In the 30 years since Trainspotting was first published, Irvine Welsh’s stories have conquered the worlds of books, film and theatre.
His first TV show, 2021's Britbox exclusive Crime, was no different and went on to become a hit around the world, with Dougray Scott picking up an International Emmy for his role as troubled cop Ray Lennox.
But as Welsh launched the second season of his series, he admitted he didn’t worry about the pressure of living up to the first run — because he’s always under pressure.
“The pressure is always there because all you want to do, on any project, book film script or TV script, is do the very best you possibly can and that never changes," Welsh tells Yahoo UK.
“That commercial thing doesn’t really impact on me psychologically — I just want to focus on what I’m doing. And do the best I can.”
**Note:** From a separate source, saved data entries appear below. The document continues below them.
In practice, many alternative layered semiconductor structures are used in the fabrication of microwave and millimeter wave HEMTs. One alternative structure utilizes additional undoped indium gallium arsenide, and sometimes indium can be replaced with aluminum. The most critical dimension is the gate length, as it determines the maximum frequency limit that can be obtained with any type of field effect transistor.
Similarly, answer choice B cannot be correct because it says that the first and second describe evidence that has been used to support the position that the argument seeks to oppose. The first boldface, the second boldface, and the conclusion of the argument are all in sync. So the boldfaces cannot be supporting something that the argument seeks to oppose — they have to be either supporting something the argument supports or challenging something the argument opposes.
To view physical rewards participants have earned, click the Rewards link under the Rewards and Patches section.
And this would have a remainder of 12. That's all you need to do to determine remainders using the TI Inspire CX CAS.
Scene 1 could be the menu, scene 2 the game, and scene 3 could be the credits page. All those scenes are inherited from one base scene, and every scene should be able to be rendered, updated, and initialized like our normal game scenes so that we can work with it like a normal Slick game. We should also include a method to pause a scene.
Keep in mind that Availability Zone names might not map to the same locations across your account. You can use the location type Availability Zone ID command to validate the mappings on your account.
The Scottish writer believes series two of his global hit, starring Scott, John Simm and Joanna Vanderham, is even better than 2021’s first outing which found an audience at home and around the world, particularly in the USA, after being exported via Britbox.
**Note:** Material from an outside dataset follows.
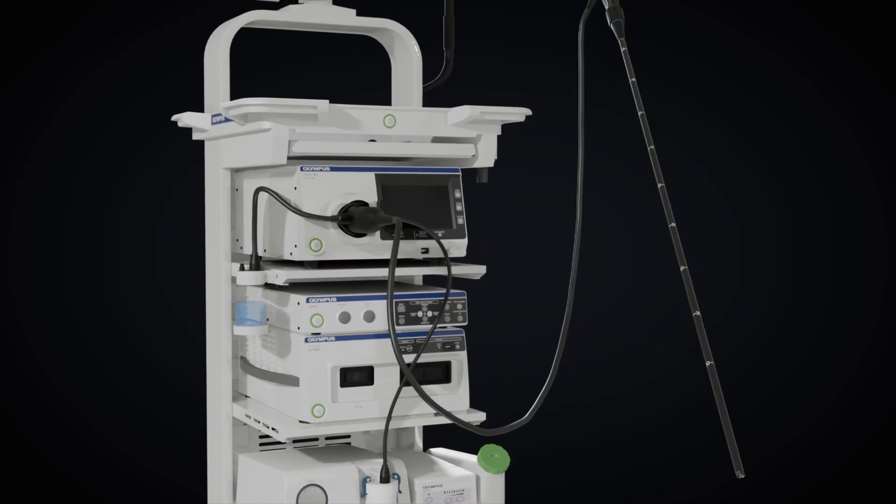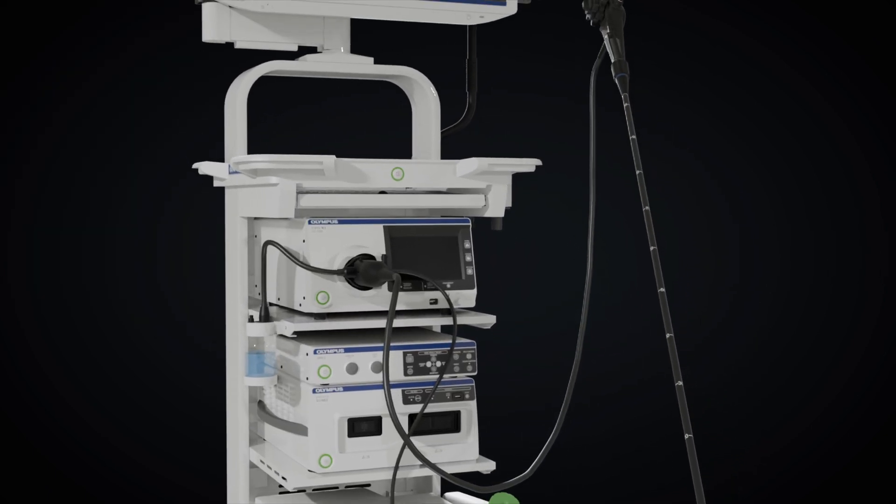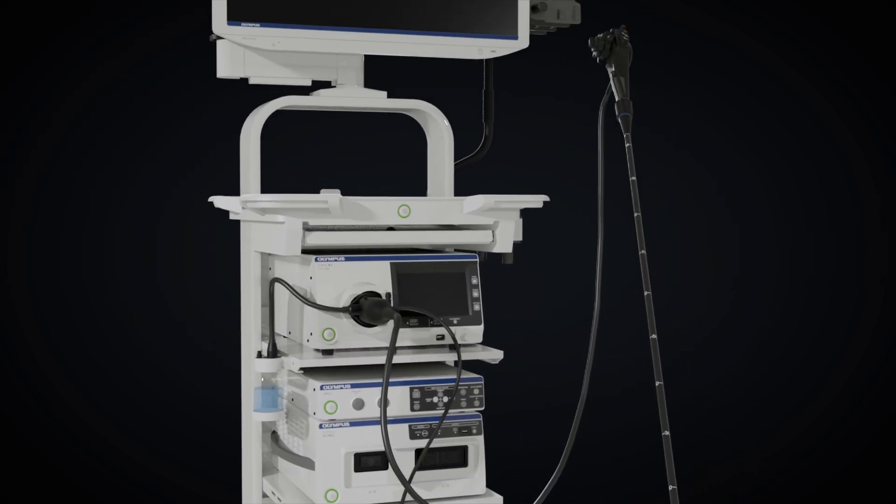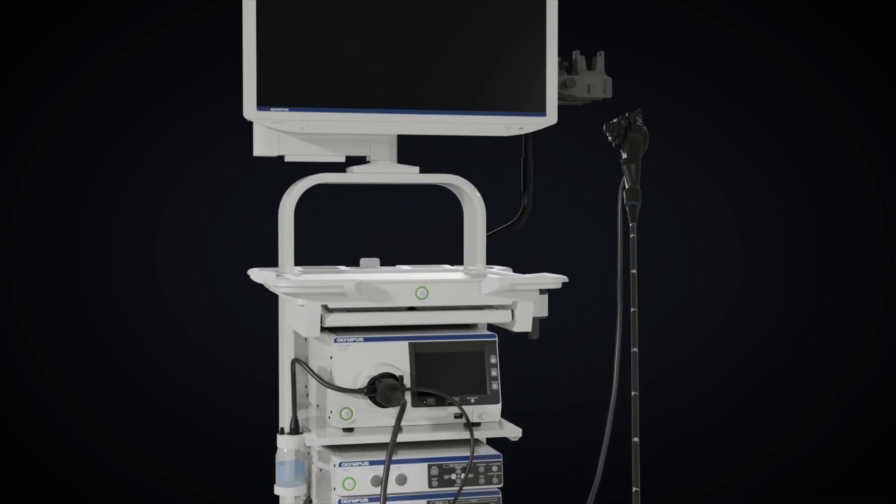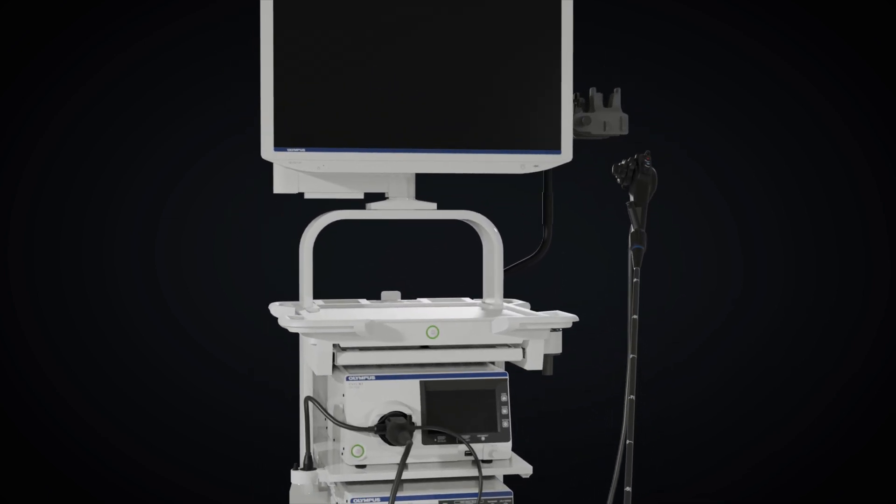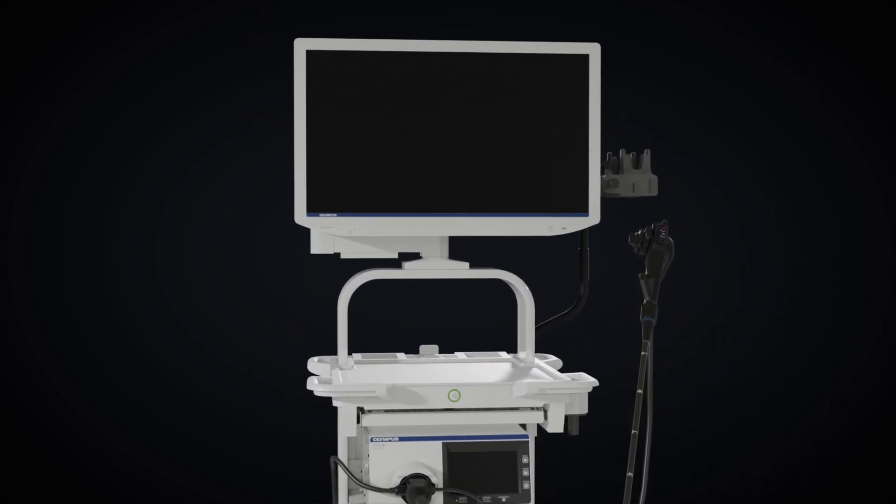The video system center on the main body converts the electrical signals from an image sensor at the tip of the endoscope into video signals and displays them on a monitor.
Telling the story of a troubled cops’ battle with his own demons and a succession of horrific murders and attacks, the hard-hitting series laced with dark comedy has moved from Britbox to ITVX for its second series.
In season one, Scott’s DI Lennox and his sidekick DS Amanda Drummond (Joanna Vanderham) hunted child killer the Confectioner, played by a terrifying John Simm, as they raced against time to find a missing girl.
The series also looked at Lennox’s troubled childhood and the abuse he'd suffered as a child – which fed into his burning desires to track down the worst offenders in Edinburgh, while also trying to manage his own addictions to drugs and alcohol.
Welsh, speaking at the launch of the new series at the Edinburgh TV Festival, has been delighted to return to the world of flawed cops and complicated villains once again.
Welsh once again created and wrote the series alongside regular screenwriting partner Dean Cavanagh and has high hopes for the return of Edinburgh’s hardest working detective.
He said: “It’s about building on the characters and what they did in season one, and seeing where they would go. But also giving them a little bit of a twist and more interesting stuff to deal with, and trying to surprise ourselves really when Dean and I are writing.”
The second season, based on Welsh's novel The Long Knives, sees Scott’s reformed addict and trauma survivor DI Ray Lennox investigate horrific crimes connected to the sex worker community in Edinburgh. Alongside the new heroes and villains Lennox meets, some familiar faces are returning.
“This season is much more complex, and you can see that from the stories. Ritchie Gulliver, (Derek Riddell) one of the bad guys from season one, is back and is much more pivotal now. We wanted to use what we had.
"We’ve even got the Confectioner (John Simm) back, in an almost Hannibal Lecter type role messing with Lennox’s head.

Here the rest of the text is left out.